Writes
This page lists the types of write requests you can send to Bigtable and describes when you should use them and when you shouldn't. For information on aggregating data in a cell at write time, see Aggregate values at write time.
The Bigtable Data API and client libraries allow you to programmatically write data to your tables. Bigtable sends back a response or acknowledgement for each write.
Each client library offers the ability to send the following types of write requests:
- Simple writes
- Increments and appends
- Conditional writes
- Batch writes
Bigtable client libraries have a built-in smart retries feature for simple and batch writes, which means that they seamlessly handle temporary unavailability. For example, If your application attempts to write data and encounters a temporary outage or network issue, it automatically retries until the write is committed or the request deadline is reached. This resilience works with both single-cluster and replicated instances, with single-cluster routing or multi-cluster routing.
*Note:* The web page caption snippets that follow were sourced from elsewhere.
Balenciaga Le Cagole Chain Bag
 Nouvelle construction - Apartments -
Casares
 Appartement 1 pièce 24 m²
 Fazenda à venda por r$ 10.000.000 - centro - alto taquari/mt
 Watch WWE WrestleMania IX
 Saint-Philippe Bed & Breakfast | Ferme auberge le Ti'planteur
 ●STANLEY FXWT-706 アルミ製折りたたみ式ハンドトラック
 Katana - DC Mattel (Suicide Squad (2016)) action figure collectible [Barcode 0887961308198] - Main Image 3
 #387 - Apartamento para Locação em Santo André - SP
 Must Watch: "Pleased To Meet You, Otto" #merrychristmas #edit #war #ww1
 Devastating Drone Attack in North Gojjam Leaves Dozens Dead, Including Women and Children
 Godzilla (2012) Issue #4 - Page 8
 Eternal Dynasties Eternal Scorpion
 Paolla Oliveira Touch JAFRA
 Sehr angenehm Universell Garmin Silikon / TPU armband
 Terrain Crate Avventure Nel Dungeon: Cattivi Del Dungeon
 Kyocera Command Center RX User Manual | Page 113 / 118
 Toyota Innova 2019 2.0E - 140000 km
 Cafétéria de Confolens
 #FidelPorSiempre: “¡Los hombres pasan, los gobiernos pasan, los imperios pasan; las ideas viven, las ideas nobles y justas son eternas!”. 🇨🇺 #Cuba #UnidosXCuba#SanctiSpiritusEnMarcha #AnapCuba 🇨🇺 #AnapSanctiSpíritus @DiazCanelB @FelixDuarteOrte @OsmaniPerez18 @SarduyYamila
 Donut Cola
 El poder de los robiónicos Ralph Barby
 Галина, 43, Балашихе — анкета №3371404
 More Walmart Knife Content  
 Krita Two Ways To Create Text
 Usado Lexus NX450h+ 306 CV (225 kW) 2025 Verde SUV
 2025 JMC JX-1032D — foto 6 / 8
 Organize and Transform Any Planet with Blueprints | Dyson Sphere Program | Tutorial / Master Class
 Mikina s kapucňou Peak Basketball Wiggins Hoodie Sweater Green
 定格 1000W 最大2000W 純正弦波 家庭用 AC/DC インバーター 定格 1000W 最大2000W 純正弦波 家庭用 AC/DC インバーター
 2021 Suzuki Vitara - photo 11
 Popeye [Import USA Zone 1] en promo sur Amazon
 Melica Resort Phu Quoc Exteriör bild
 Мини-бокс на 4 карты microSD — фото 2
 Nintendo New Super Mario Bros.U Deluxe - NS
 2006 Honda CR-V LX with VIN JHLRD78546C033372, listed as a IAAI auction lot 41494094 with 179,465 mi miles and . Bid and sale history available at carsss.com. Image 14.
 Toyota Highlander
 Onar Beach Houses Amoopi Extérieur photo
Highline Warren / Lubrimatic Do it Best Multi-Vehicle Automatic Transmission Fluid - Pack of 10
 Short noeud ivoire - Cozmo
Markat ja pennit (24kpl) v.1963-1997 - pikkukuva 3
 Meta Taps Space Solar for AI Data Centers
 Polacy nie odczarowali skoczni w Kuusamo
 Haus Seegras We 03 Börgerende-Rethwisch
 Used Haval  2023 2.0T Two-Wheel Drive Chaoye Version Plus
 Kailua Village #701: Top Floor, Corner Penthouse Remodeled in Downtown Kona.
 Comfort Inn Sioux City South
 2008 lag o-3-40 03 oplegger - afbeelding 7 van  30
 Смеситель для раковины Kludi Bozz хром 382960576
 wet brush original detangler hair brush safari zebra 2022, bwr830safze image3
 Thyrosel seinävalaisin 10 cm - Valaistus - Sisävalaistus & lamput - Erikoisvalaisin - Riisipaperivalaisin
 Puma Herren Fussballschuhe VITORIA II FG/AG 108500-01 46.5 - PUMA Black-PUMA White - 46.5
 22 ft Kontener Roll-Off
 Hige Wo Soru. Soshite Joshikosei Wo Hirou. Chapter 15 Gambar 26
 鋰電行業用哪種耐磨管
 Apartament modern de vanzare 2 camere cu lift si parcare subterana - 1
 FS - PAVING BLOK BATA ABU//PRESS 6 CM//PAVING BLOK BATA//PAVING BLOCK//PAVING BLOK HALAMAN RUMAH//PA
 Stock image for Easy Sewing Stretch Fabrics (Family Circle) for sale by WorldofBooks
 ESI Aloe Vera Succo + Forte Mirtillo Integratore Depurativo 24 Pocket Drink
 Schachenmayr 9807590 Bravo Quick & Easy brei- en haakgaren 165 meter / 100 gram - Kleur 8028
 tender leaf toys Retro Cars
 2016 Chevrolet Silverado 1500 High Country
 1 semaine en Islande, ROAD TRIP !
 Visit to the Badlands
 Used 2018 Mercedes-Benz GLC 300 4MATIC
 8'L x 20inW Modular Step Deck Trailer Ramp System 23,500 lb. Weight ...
For batch and streaming write operations, you can use the Bigtable Beam connector. For more information, see Batch writes.
To learn about limits that apply to write requests, see Quotas and limits.
For Cloud Bigtable client library examples of the write requests described on this page, see Write examples.
Types of writes and when to use them
All write requests include the following basic components:
- The name of the table to write to.
- An app profile ID, which tells Bigtable how to route the traffic.
- One or more mutations. A mutation consists of the following elements:
- Column family name
- Column qualifier
- Timestamp
- Value that you are writing to the table
The timestamp of a mutation has a default value of the current date and time, measured as the time that has elapsed since the Unix epoch, 00:00:00 UTC on January 1, 1970.
A timestamp that you send to Bigtable must be a microsecond value with at most
millisecond precision. A timestamp with microsecond precision, such as
3023483279876543
, is rejected. In this example, the acceptable timestamp value is
3023483279876000
.
All mutations in a single write request have the same timestamp unless you override them. You can set the timestamp of all mutations in a write request to be the same or different from each other.
Simple writes
You can write a single row to Bigtable with a MutateRow
request
that includes the table name, the ID of the app profile that should be used, a
row key, and up to 100,000 mutations for that row. A single-row write is
atomic. Use this type of write when you are making multiple mutations to a
single row.
For code samples that demonstrate how to send simple write requests, see Performing a simple write.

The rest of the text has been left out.